Upon the girl’s escape from the cannibals, which she does on a skateboard, she is rescued in the desert by a mute hermit, who is played by a bearded Jim Carrey. While he is only in a few scenes and utters not one single word, his performance was one that director Ana Lily Amirpour said was one of the most important of the film because Carrey was the hermit. She recounted how it was two sides to the same coin; whether being that famous or being a homeless man, no one really sees the real you.
With Jason Momoa leading a cast that includes Keanu Reeves, Jim Carrey, Giovanni Ribisi, and Diego Luna, you could have expected it to be a huge blockbuster. Instead, the movie could only muster a 30% from audiences on Rotten Tomatoes and a slightly better 45% from critics. Alissa Wilkinson of Vox says the film squanders its strong start and rich setting on a too-thin plot.

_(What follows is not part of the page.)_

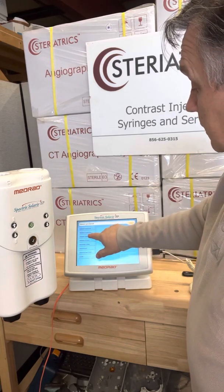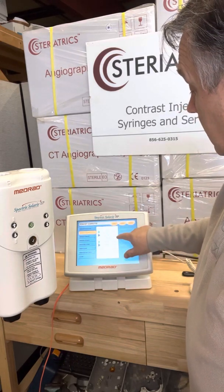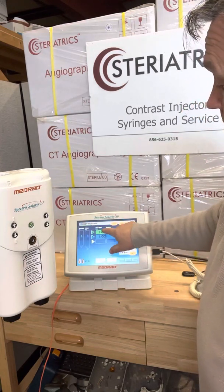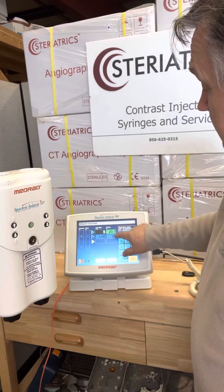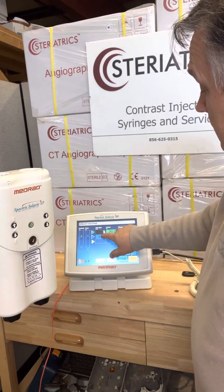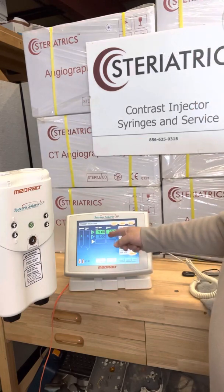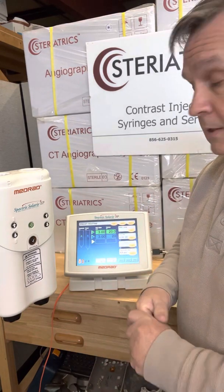If we want to just do a regular, there's a preset carotid. But let's just go to this screen, which is routine. I actually like 3 mLs a second — this is for 20. Go over here at 3 mLs a second, hit enter. And now we have 3 for 20 and 3 for 20, just to show you how to operate this.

Director Ana Lily Amirpour also wrote the picture and is known for directing A Girl Walks Home at Night and A Little Suicide. She is a huge advocate of practical effects and only needed 28 days to film the entire movie. The film was shot in Slab City, CA, a community of vagabonds who played extras in the film, needing no makeup or costuming.
The film was Waterhouse’s first big role, and she held her own alongside the powerhouses of Jason Momoa, Keanu Reeves, and Jim Carrey. The Bad Batch debuted at the 73rd Venice International Film Festival, where it won the Special Jury Prize. It is seen as the third most prestigious prize at the festival after the first place Golden Lion and the second place Grand Jury Prize.

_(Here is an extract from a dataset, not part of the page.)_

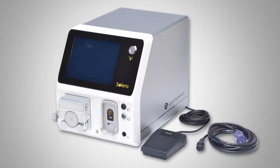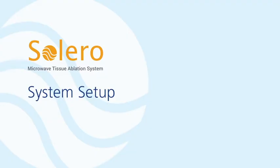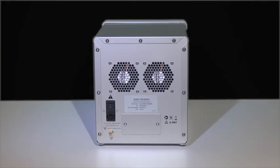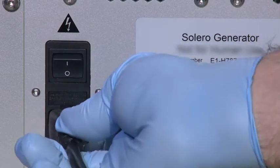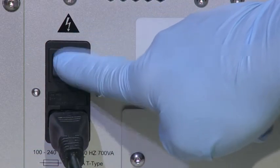The system also includes the optional foot switch and the mains power cable. To begin system setup, start by connecting the mains power cable to the back of the generator.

The film saw a meager theater run after its success at the film festival, releasing in June of 2017. While it was released against other small-budget films like Tubelight, The Beguiled, and The Big Sick, big summer blockbusters such as Wonder Woman, Guardians of the Galaxy 2, and Transformers: The Last Knight were all dominating the box office weeks after release. The Bad Batch brought in a total of $43,457 on opening weekend and just under $201K worldwide, a massive disappointment on its $6 million budget.

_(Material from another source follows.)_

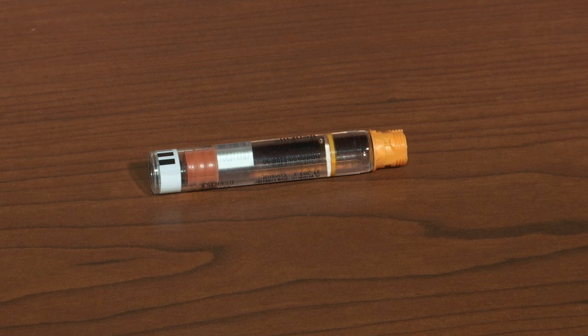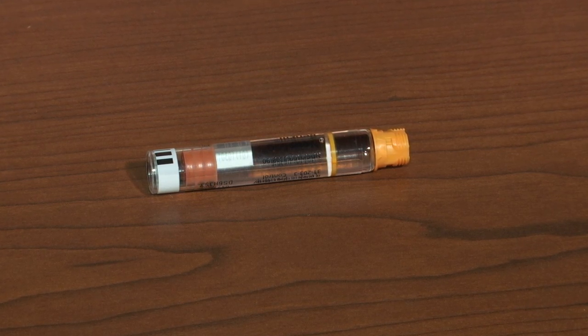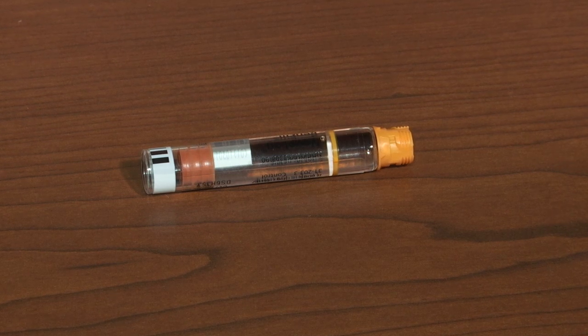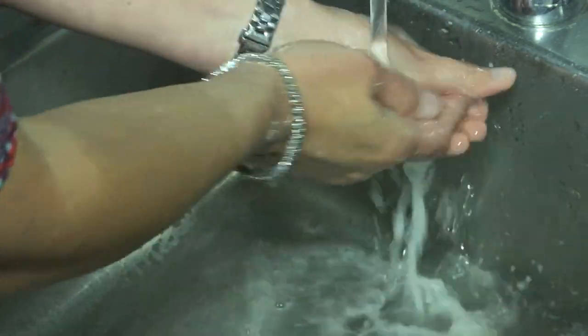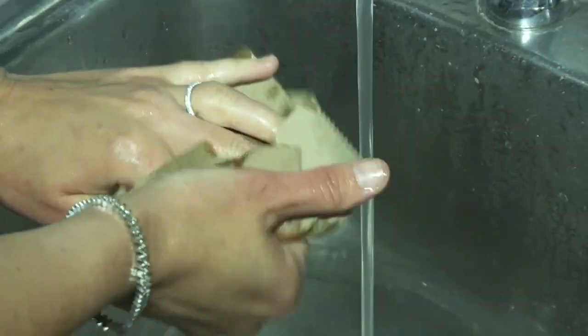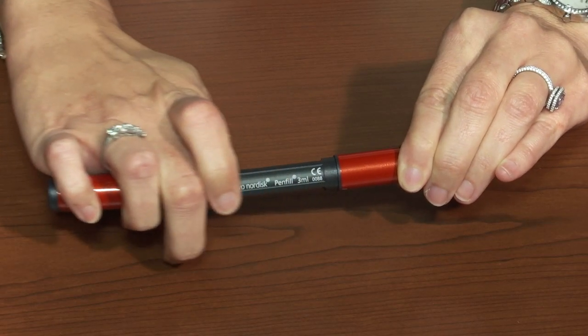An insulin cartridge must be installed when the pen is out of insulin or the insulin has expired. To install the insulin cartridge, first wash and dry your hands, remove the protective pen cap and set it aside.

With the kind of powerhouse actors The Bad Batch took on, there was a reasonable expectation of success. Jason Momoa leading a group of cannibals, Keanu Reeves leading a cult addicted to drugs and partying, Diego Luna as a resident DJ to keep the party going, and Jim Carrey in his first ever silent film role, there is plenty of cinema gold to be mined from the film. Ana Lily Amirpour and Suki Waterhouse proved multiple things at once, you don’t need a big name to go against other big names on screen, and you don’t need a billion-dollar theater run to show that you can let Hollywood A-listers chew up the screen.